## ACTIVITY
Would you please copy all of the data exactly, skipping the images?

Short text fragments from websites
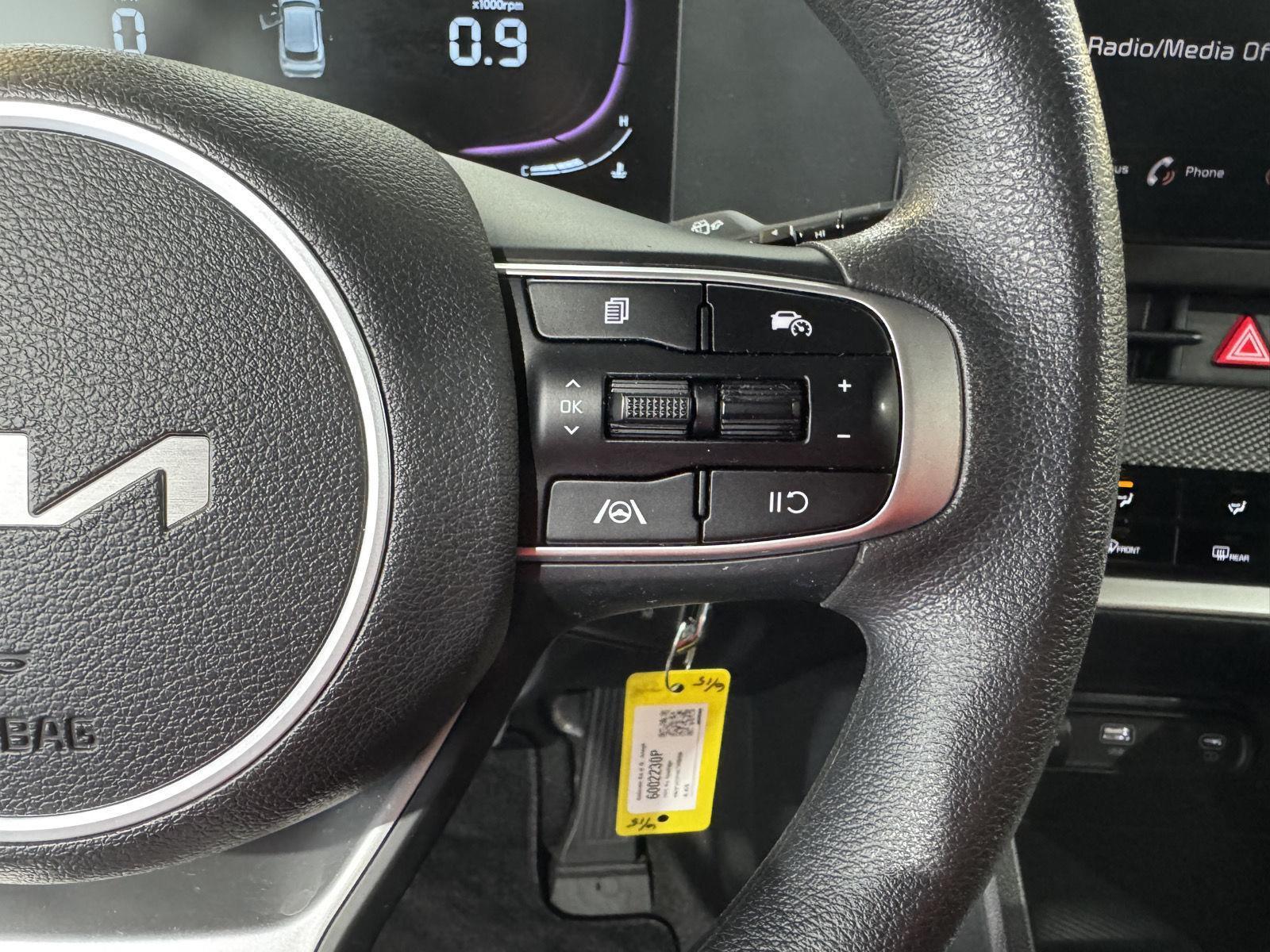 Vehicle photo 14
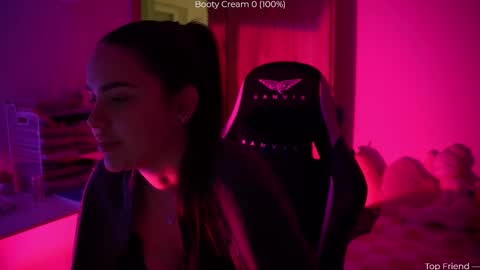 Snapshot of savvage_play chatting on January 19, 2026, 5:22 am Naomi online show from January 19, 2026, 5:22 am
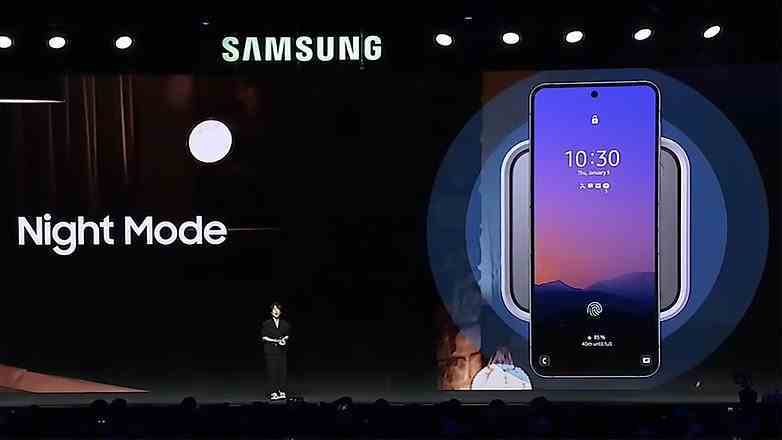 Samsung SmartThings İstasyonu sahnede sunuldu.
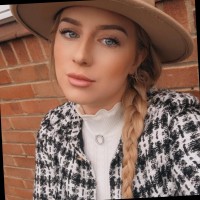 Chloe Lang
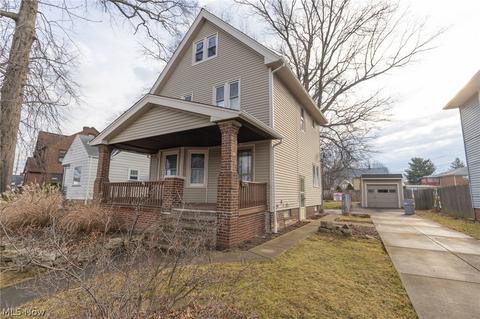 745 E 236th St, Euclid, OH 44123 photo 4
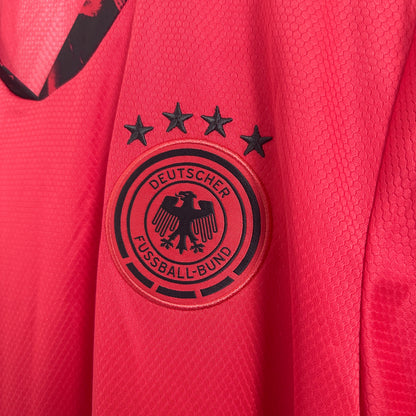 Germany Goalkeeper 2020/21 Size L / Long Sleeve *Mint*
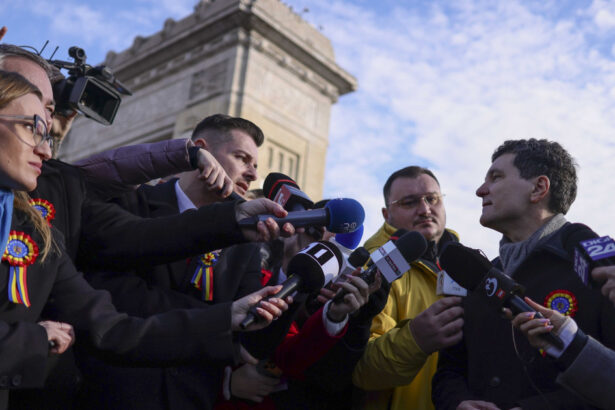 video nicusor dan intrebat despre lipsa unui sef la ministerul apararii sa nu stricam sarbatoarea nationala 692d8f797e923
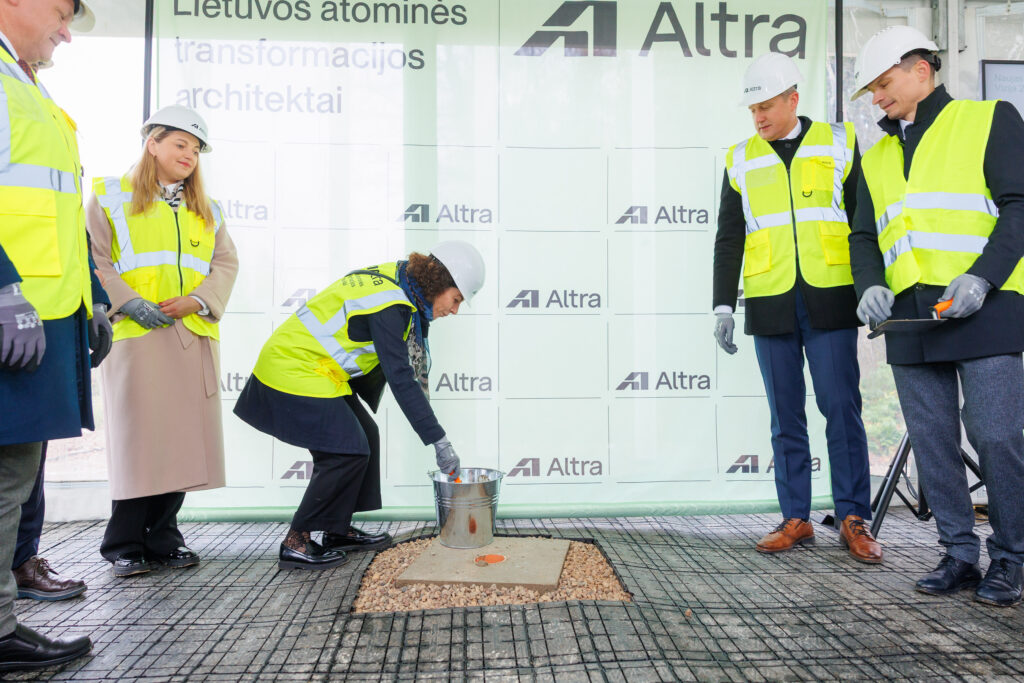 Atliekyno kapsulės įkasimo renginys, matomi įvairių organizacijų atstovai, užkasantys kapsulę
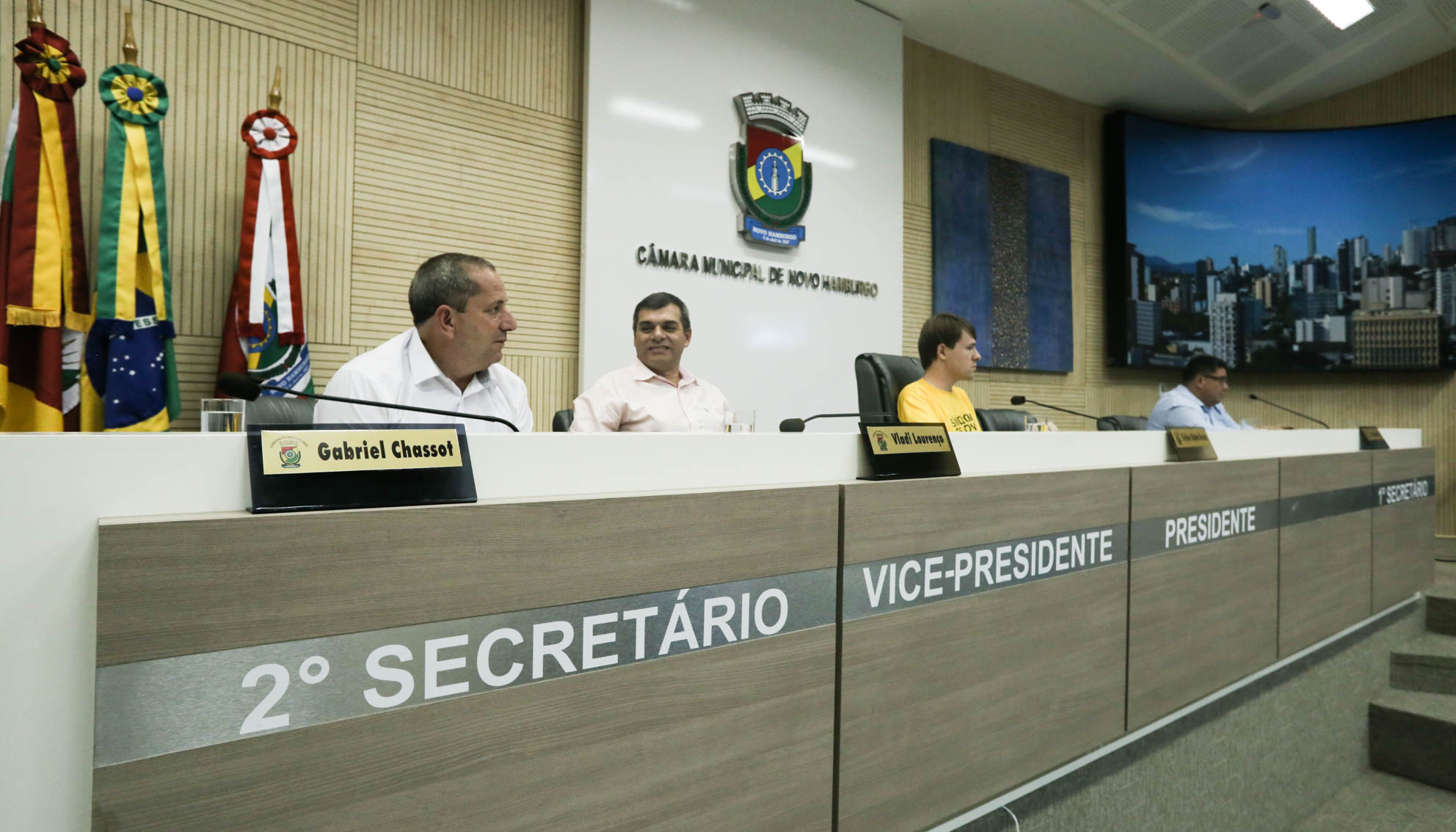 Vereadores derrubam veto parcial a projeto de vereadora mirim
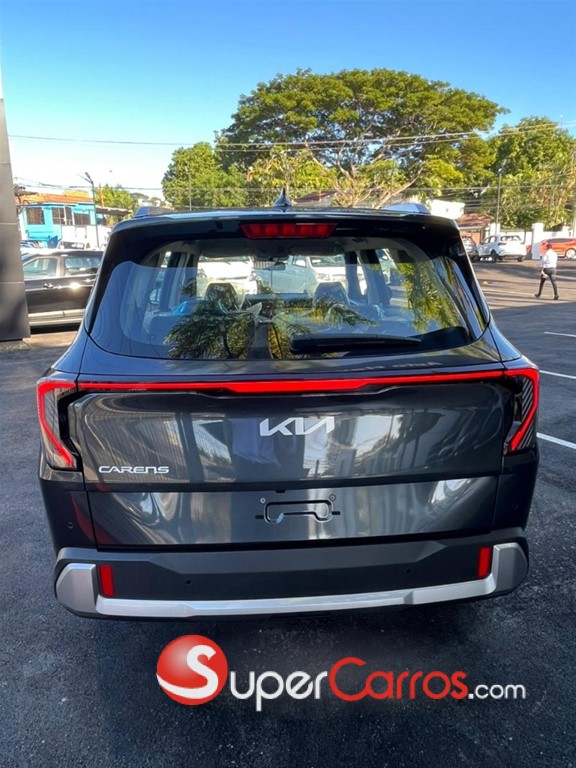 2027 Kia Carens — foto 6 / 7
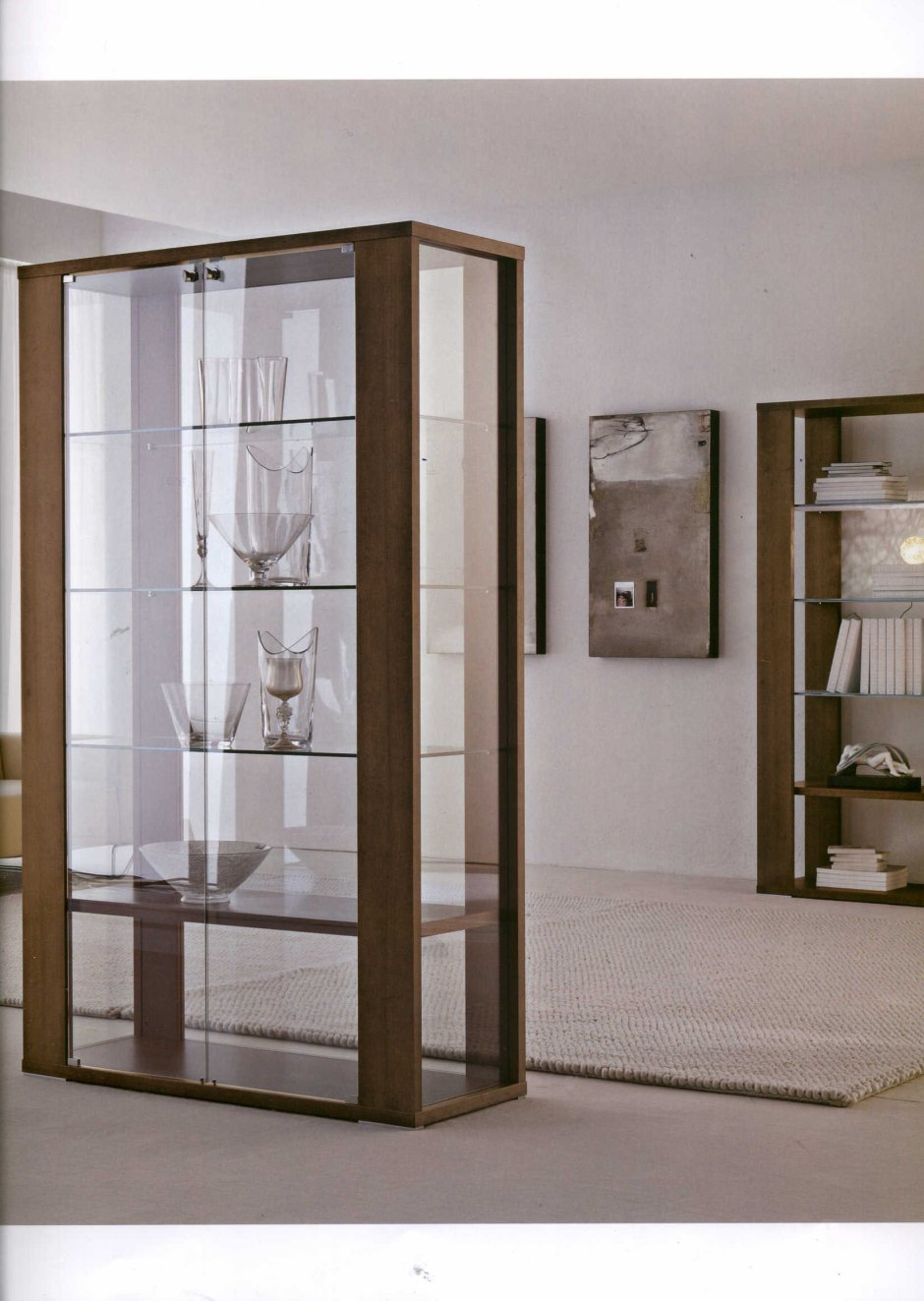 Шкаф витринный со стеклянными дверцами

## WRITTEN ANSWER
 Vehicle photo 14
 Snapshot of savvage_play chatting on January 19, 2026, 5:22 am Naomi online show from January 19, 2026, 5:22 am
 Samsung SmartThings İstasyonu sahnede sunuldu.
 Chloe Lang
 745 E 236th St, Euclid, OH 44123 photo 4
 Germany Goalkeeper 2020/21 Size L / Long Sleeve *Mint*
 video nicusor dan intrebat despre lipsa unui sef la ministerul apararii sa nu stricam sarbatoarea nationala 692d8f797e923
 Atliekyno kapsulės įkasimo renginys, matomi įvairių organizacijų atstovai, užkasantys kapsulę
 Vereadores derrubam veto parcial a projeto de vereadora mirim
 2027 Kia Carens — foto 6 / 7
 Шкаф витринный со стеклянными дверцами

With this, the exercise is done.